Children in Nunavut are ten times more likely to experience abuse, the Arctic Children and Youth Foundation website states.

Client numbers have doubled

Right now the Umingmak centre is helping around 50 clients between the ages of four and 17, with one full-time and one part-time therapist and two child and family advocates.

Since physical distancing rules started, the centre has been asking clients to find a quiet space to talk on the phone for meetings. But this isn't always possible, said Sarah Clark, executive director of the Arctic Children and Youth Foundation.

"It's hard to get private space in the home," she said.

To make connecting easier, the foundation is getting iPads to clients for video meetings. They will have secure internet for youth safety, and weekly data limits that can be monitored by the centre.

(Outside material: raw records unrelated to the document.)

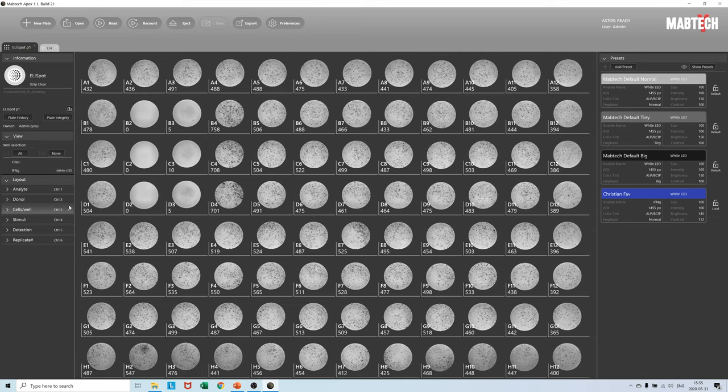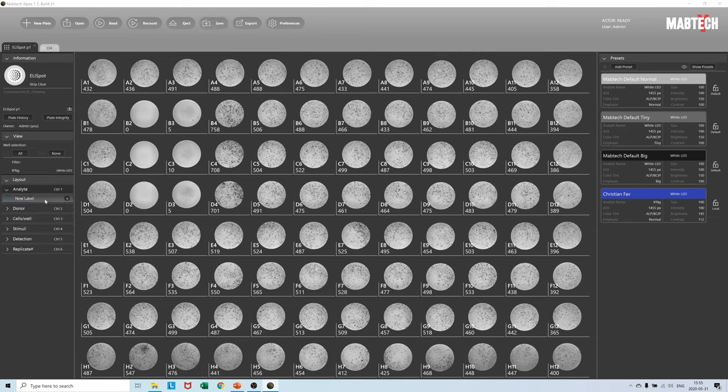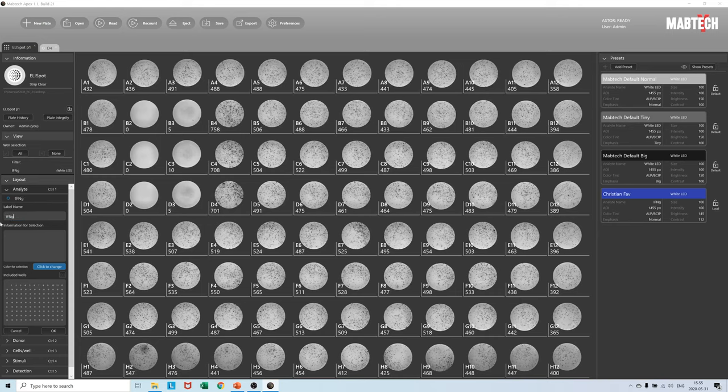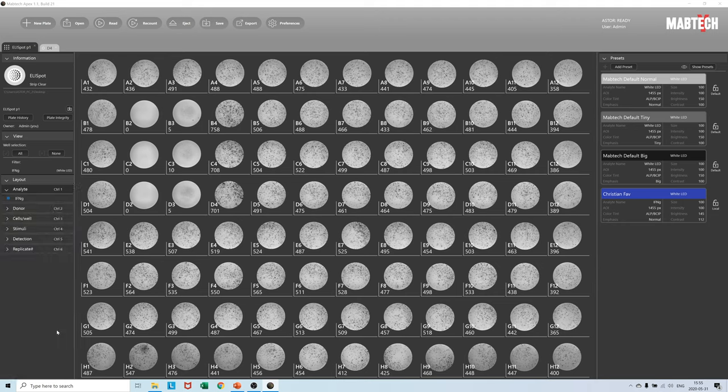Here we start by first adding a new label under Analyte, Interferon gamma. After naming the label let us use drag and drop so we select all 96 wells and then press OK.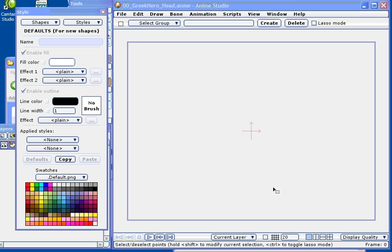And here we are in our first video in our series on character development in Anime Studio. Notice that I'm starting from a blank page.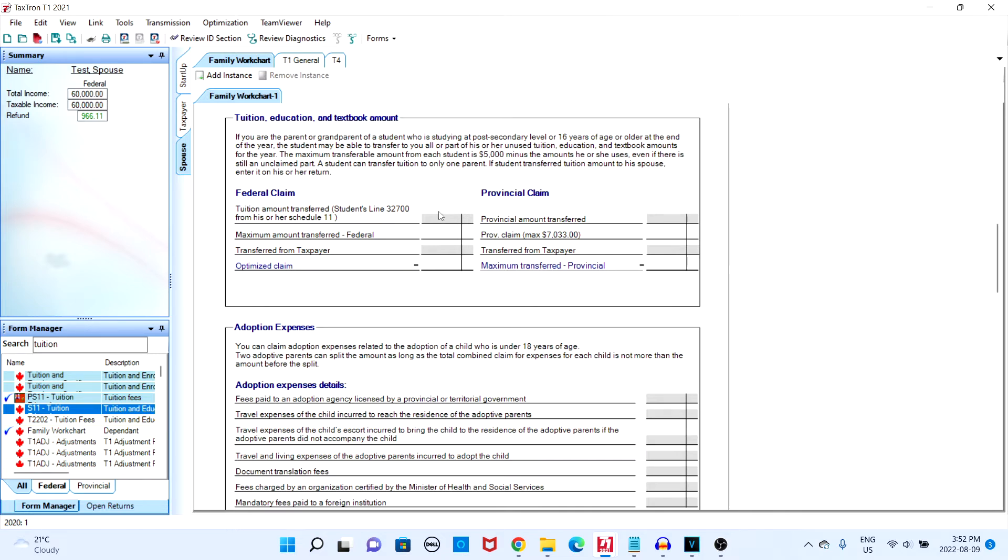As you can see if I enter ten thousand here, the maximum that will be transferred is five thousand.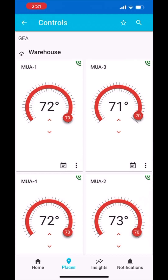If the tile is colored red, it means the space is currently heating. If it is blue, it means the space is currently cooling. And if it is white, it means the space is currently satisfied.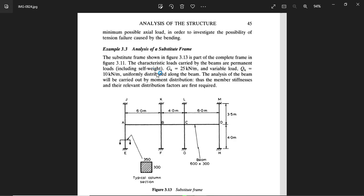For the loading, the dead load gk is 25 kN/m and the live load qk is 10 kN/m, applied as a uniformly distributed load along the beam. Those are all the parameters we need to proceed with the analysis.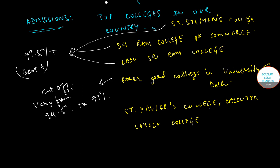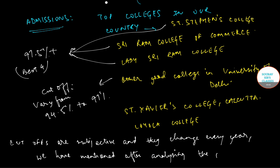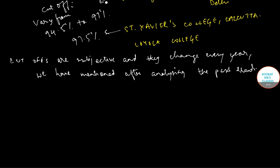These cut-offs are subjective and they change every year. We have mentioned these after analyzing the past trends. For colleges like St. Xavier's also, you would need a minimum of around 97.5%. So the competition to get into these colleges is very high.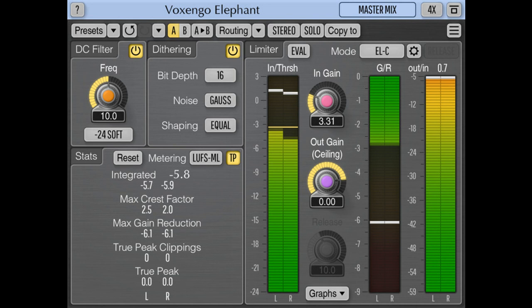The EL5 algorithm introduced in Elephant version 5 takes the best from EL4 and classic AIGC algorithms. The EL5 is not as loud and hard as the EL4 algorithm, but it is much more precise than AIGC algorithms while producing a similarly smooth sound. This algorithm better retains the dynamical structure of the program material while at the same time adding a unique sparkling and fresh mojo to the resulting sound.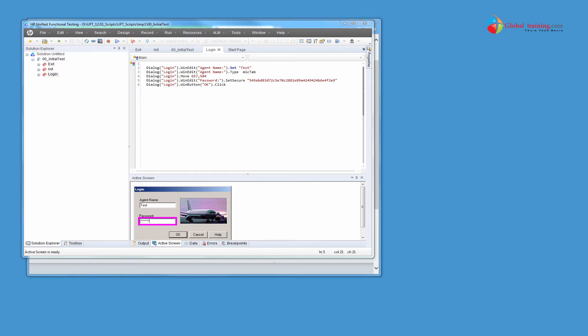Hello everyone, welcome to the video series on EFT automation. In this video, we will look at Object Spy.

Before the pandemic, the centre served around 27 clients, but those numbers dropped at the beginning when schools and work closed. Now, client numbers have doubled.

Clark says the centre is too new for her to say if this spike is because of COVID-19, but said child advocacy centres elsewhere in Canada expected to see referrals increase.

"Because of isolation, and all the stresses that are on parents and the fact that kids aren't going to school and an increase in general tensions, referrals were likely to go up," she said.